Joining the Hydrogen Economy

Image from: https://dge.carnegiescience.edu/news/2021/7/green-hydrogen-production-curtailed-wind-and-solar-power

I’m excited to announce my jump from academia to industry as I join LIFTE H2, a new company pushing the bounds of the emerging hydrogeneconomy and enabling companies to meet their decarbonization goals.

I am joining the Systems Analysis team as a Senior System Modeling Engineer where I look forward to collaborating with Marta Dueñas Díez and Co.  I will be using the skills and knowledge I gained working with Ken Caldeira and his great team of postdocs and colleagues to model, design, and understand the tradeoffs of technology choices in upcoming #hydrogen projects. My modeling will also help motivate and determine research pathways for key technologies.

I have spent my time with Ken Caldeira studying the dynamics and variability of #netzerocarbon energy systems focusing on questions such as “How much #hydrogen could potentially be made from otherwise curtailed wind and solar power in future energy systems?” [1].

I used this academic background considering the interplay between wind and solar generation and hydrogen production as a springboard for recent work with excellent folks within the Stanford Climate Ventures community.

Under the mentorship of David T. Danielson and David B. Rogers, Joseff Kolman and I were co-leads for a team that set out to model and understand business opportunities for flexible #hydrogen production, that is hydrogen production that could ramping down when economical to reduce electricity costs and reduce the burden on strained electricity systems.

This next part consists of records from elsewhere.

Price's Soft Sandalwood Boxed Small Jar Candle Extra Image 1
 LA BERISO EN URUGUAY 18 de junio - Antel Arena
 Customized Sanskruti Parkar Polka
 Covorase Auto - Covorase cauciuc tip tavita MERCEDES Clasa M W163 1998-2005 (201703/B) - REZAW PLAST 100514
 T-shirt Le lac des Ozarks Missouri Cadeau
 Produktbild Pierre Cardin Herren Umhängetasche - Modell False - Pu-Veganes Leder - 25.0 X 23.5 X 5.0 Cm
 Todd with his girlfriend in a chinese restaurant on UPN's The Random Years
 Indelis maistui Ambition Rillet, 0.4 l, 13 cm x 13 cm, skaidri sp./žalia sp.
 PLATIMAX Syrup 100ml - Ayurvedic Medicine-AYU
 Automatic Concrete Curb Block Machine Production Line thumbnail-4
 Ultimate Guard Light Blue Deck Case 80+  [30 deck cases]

We wanted to know where in the US hydrogen production could be most cost competitive against incumbent technologies and what use cases were the most promising in the near future. The skills I learned and network I grew from this crash course in business and entrepreneurship have already been invaluable in landing this job a LIFTE H2.

Thank you to everyone who has helped me get here. Among other things, I hope to be a #hydrogen resource to you in the future!

Abbreviated thank you list:
The academic side: Steve Davis, Nate Lewis, David Farnham, Jacqueline A. Dowling, Enrico Antonini, Lei Duan, Michael Dioha, PhD, Candise Henry, Edgar Virgüez, Ph.D.

The entrepreneurship side: Joel Moxley, Amy Zhao, Phuthi Tsatsi, Sishir Mohammed, Justin Bracci, Aksh Garg, Melissa Zhang, Thilo M. Braun, Karen Baert, Gunther Glenk

The particle physics side that launched me toward programming, data analysis, and modeling: Wesley Smith and Sridhara Dasu and the rest of the University of Wisconsin-Madison CMS group

And many others!

[1] https://lnkd.in/gic825zf

Emerging opportunities for hydrogen production as a flexible electricity load

Wind and solar generation are powering more and more of our electricity systems. Along with their zero-carbon electricity comes their variability and uncontrollable power output.

Utilities are increasingly tackling the variable nature of wind and solar power by building energy storage to shift available power from when it can be produced by nature to when it is most needed by the grid.

There is growing interest and possibilities in tackling the variability issue not by shifting available power to meet electricity demands, but by shifting electricity demands to meet available power.

One potential candidate flexible load candidate is producing hydrogen gas by splitting water using electrolysis. Producing low-cost hydrogen with minimal carbon emissions is currently viewed as a cornerstone of an energy transition away from carbon emitting sources.

Our new paper

We recently published a paper in Advances in Applied Energy considering producing hydrogen as a flexible electricity load (demand) in future low-carbon electricity systems.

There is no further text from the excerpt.